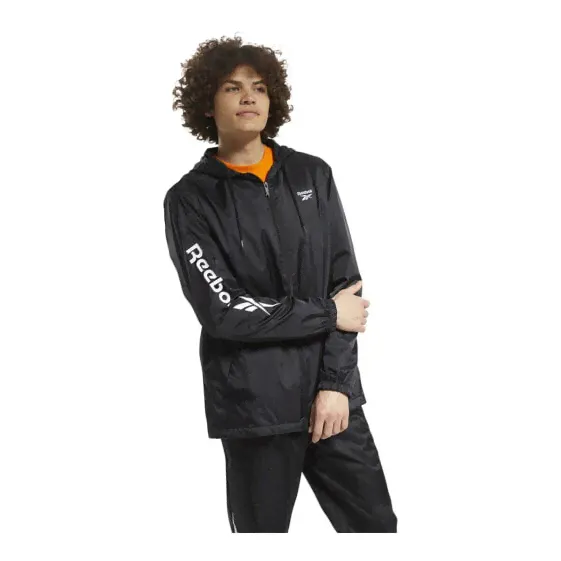 Спортивная куртка Reebok Classics "Ветровка"-0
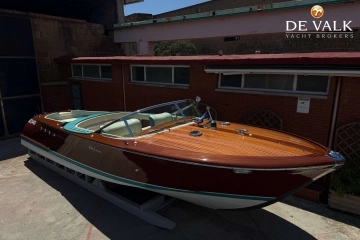 Riva Aquarama usata in vendita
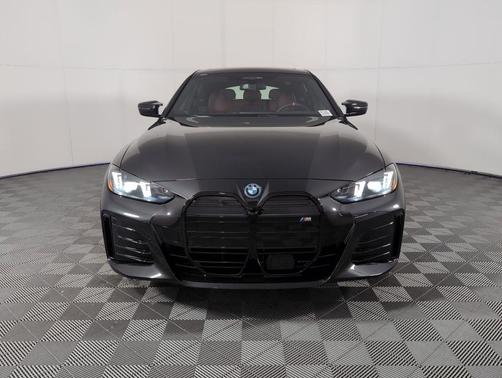 2025 BMW i4 Gran Coupe M50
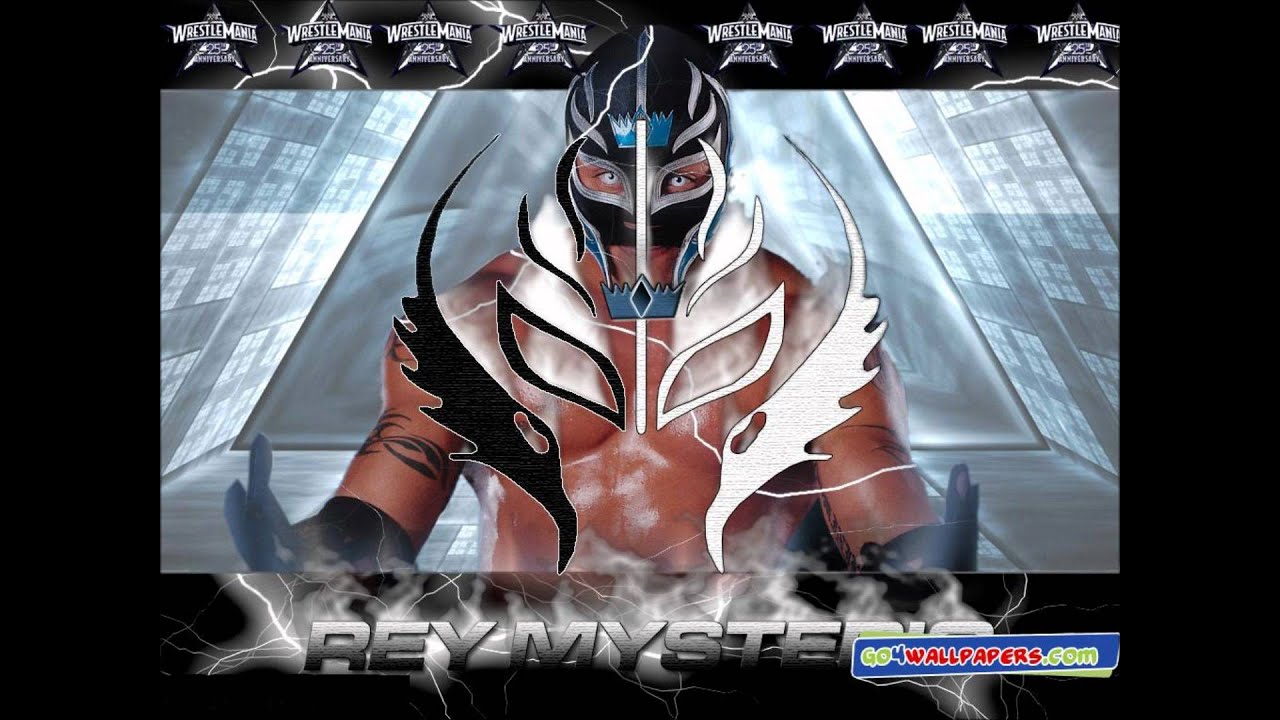 Rey Mysterio Old Theme Song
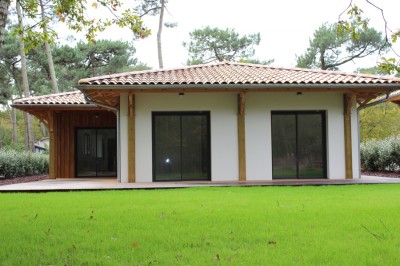 Pyla sur mer villa a vendre possibilité piscine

+ + + + +

→ **Work instruction**
Repeat word for word, and nothing more, the lines between the line containing "Riva Aquarama usata in vendita" and the last line of the records above, inclusive, without pictures.

→ **Result**
 Riva Aquarama usata in vendita
 2025 BMW i4 Gran Coupe M50
 Rey Mysterio Old Theme Song
 Pyla sur mer villa a vendre possibilité piscine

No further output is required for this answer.